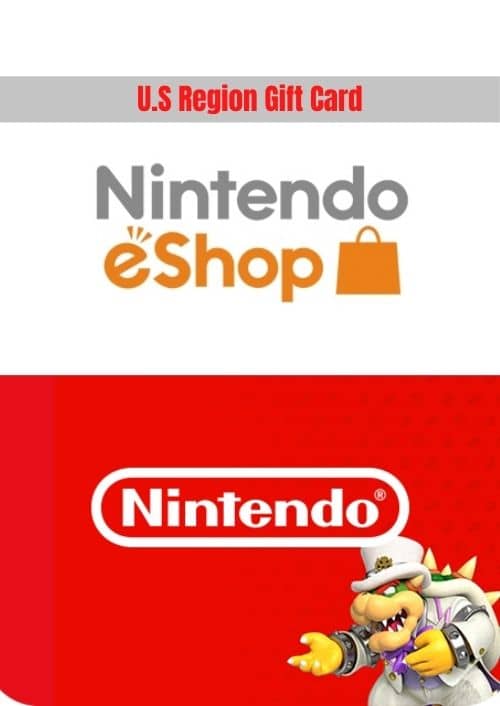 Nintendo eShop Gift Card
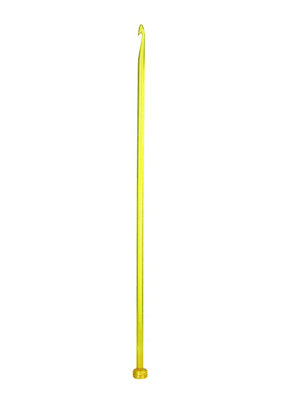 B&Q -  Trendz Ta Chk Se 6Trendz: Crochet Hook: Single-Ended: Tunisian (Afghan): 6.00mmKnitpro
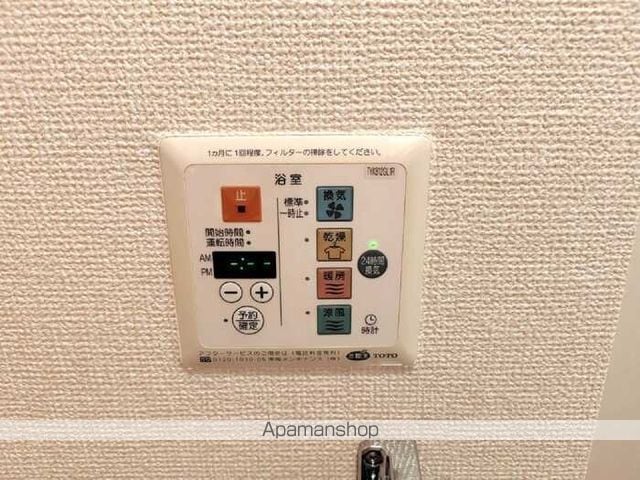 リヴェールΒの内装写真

##############################

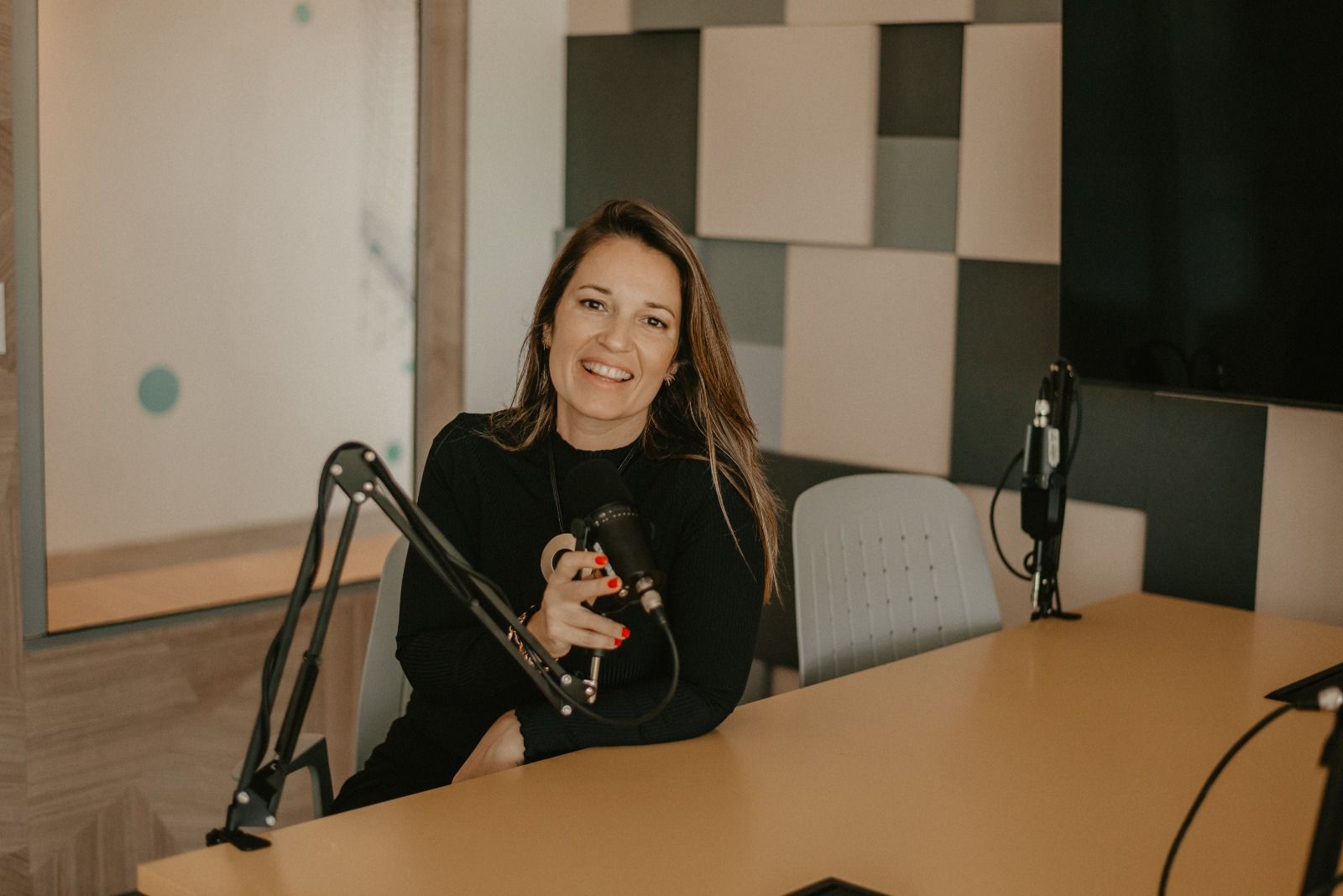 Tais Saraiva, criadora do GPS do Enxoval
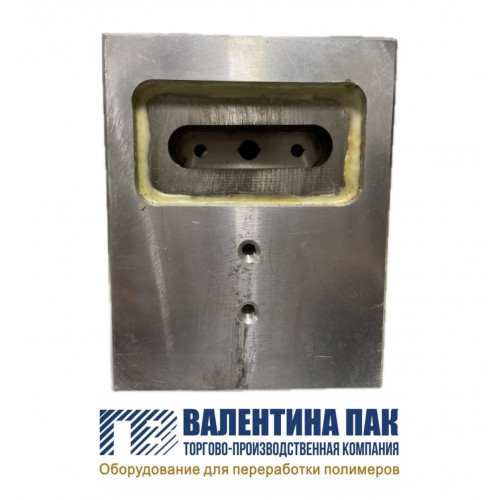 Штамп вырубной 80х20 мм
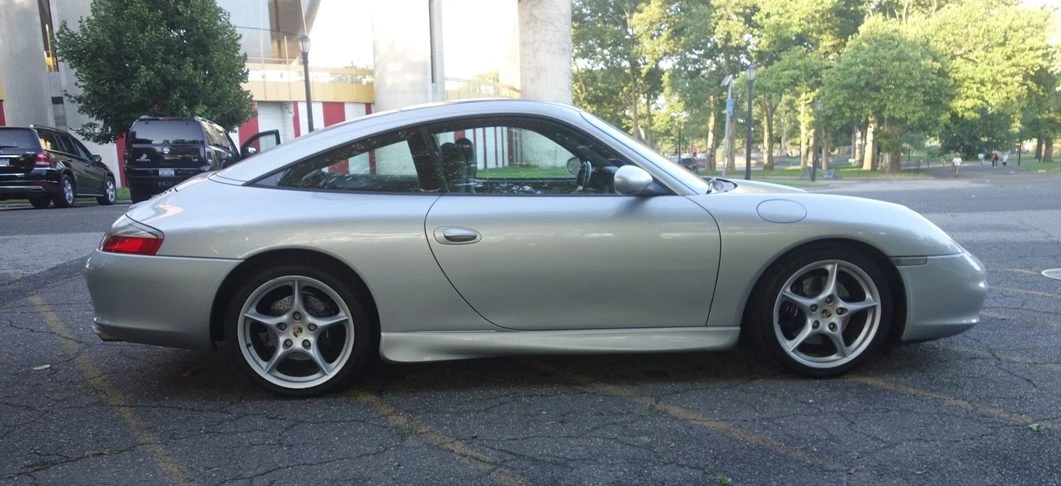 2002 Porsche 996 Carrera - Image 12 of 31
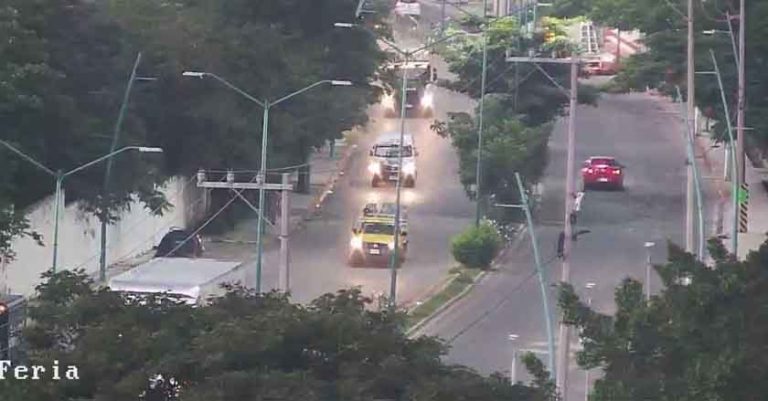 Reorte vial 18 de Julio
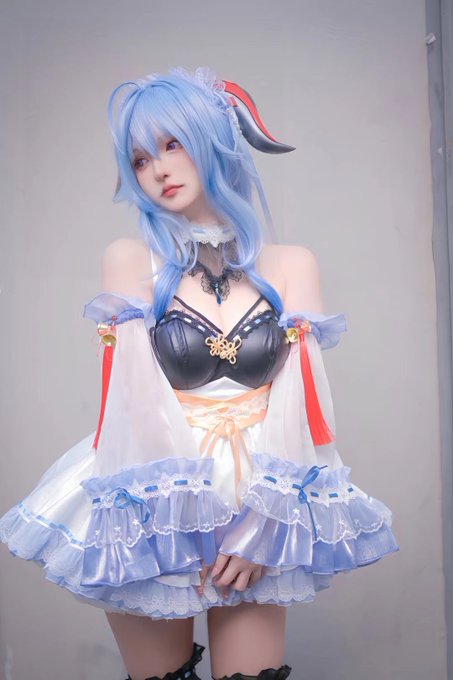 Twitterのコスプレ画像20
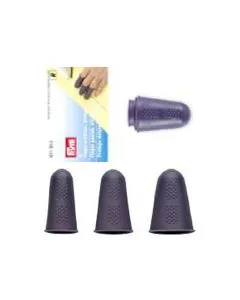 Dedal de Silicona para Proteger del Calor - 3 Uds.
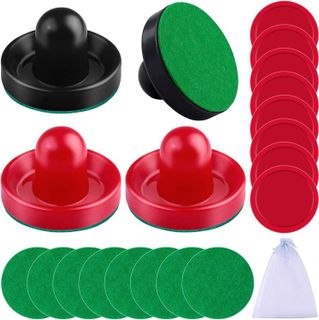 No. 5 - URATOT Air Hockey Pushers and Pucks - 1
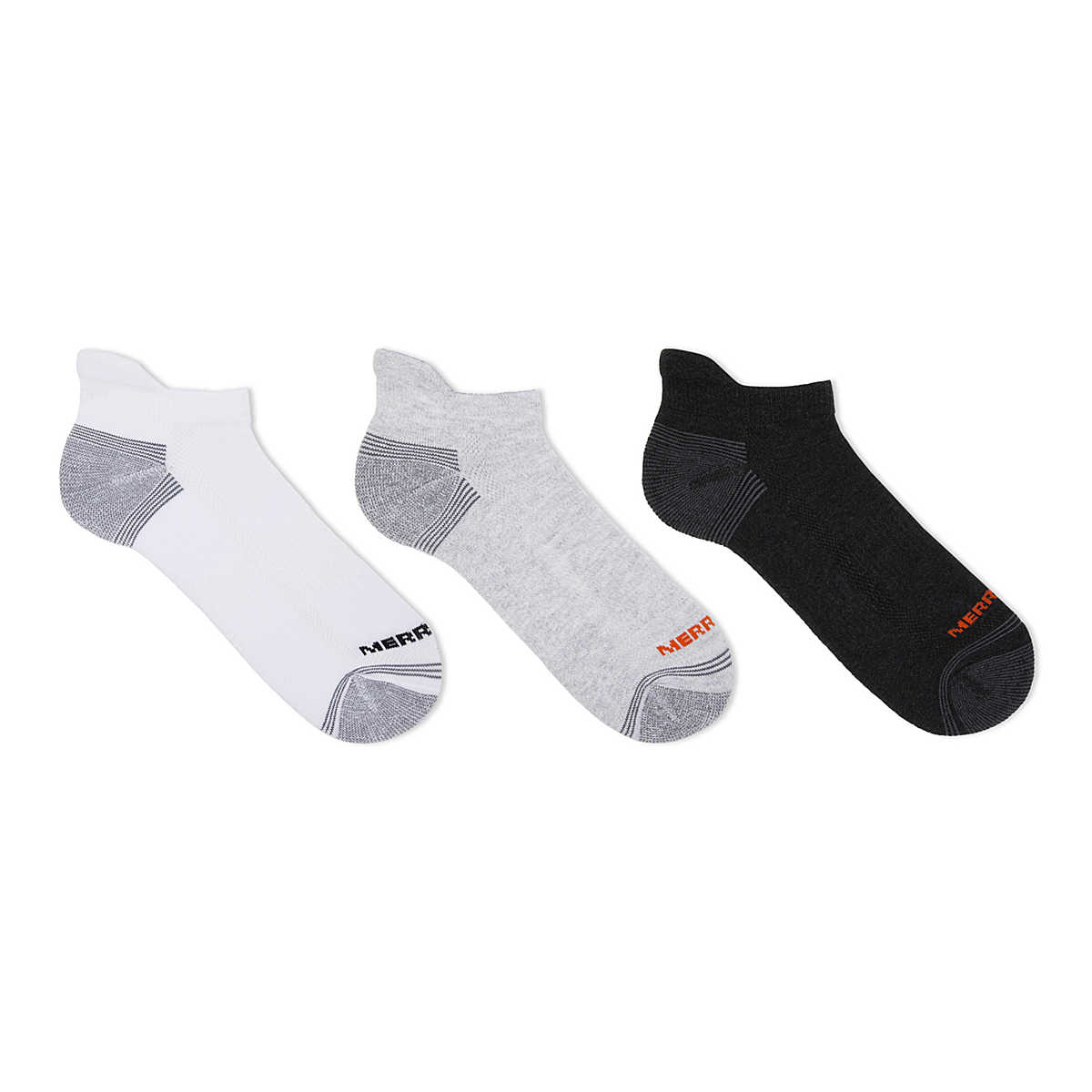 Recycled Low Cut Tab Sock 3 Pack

##############################

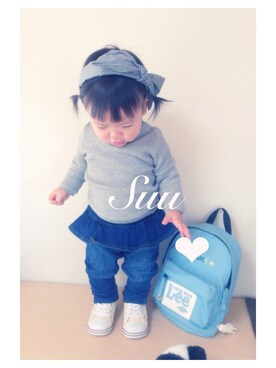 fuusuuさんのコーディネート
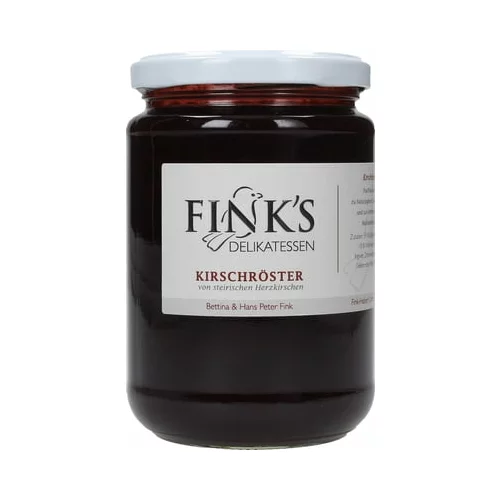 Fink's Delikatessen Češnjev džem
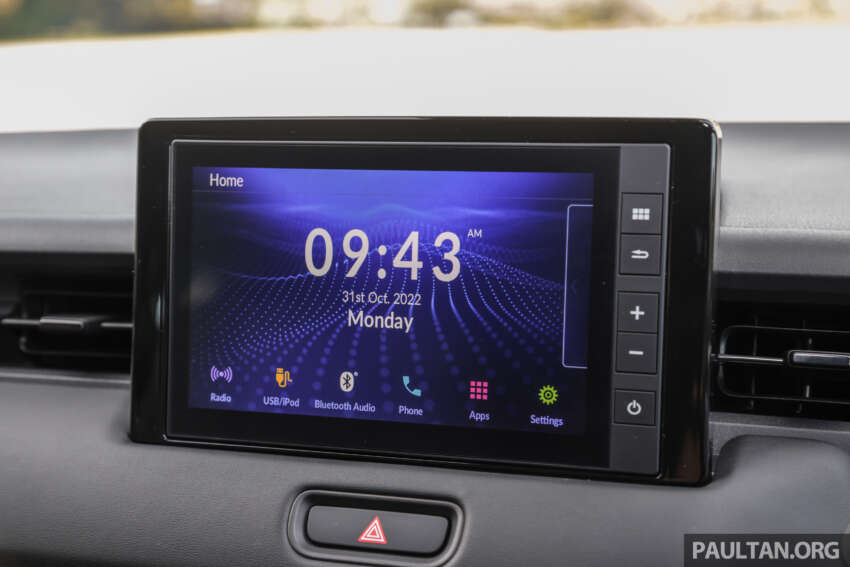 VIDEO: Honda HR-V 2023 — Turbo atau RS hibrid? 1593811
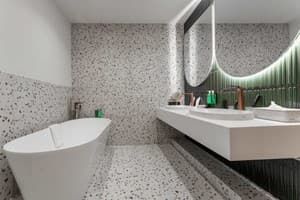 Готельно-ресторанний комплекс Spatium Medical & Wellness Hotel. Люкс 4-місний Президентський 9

##############################

PROBLEM:
Extract the part of the records that opens with the line containing "Reorte vial 18 de Julio" and closes with the line containing "Recycled Low Cut Tab Sock 3 Pack". Take only those lines, exactly, and no pictures.

RESULT OF THE EXERCISE:
 Reorte vial 18 de Julio
 Twitterのコスプレ画像20
 Dedal de Silicona para Proteger del Calor - 3 Uds.
 No. 5 - URATOT Air Hockey Pushers and Pucks - 1
 Recycled Low Cut Tab Sock 3 Pack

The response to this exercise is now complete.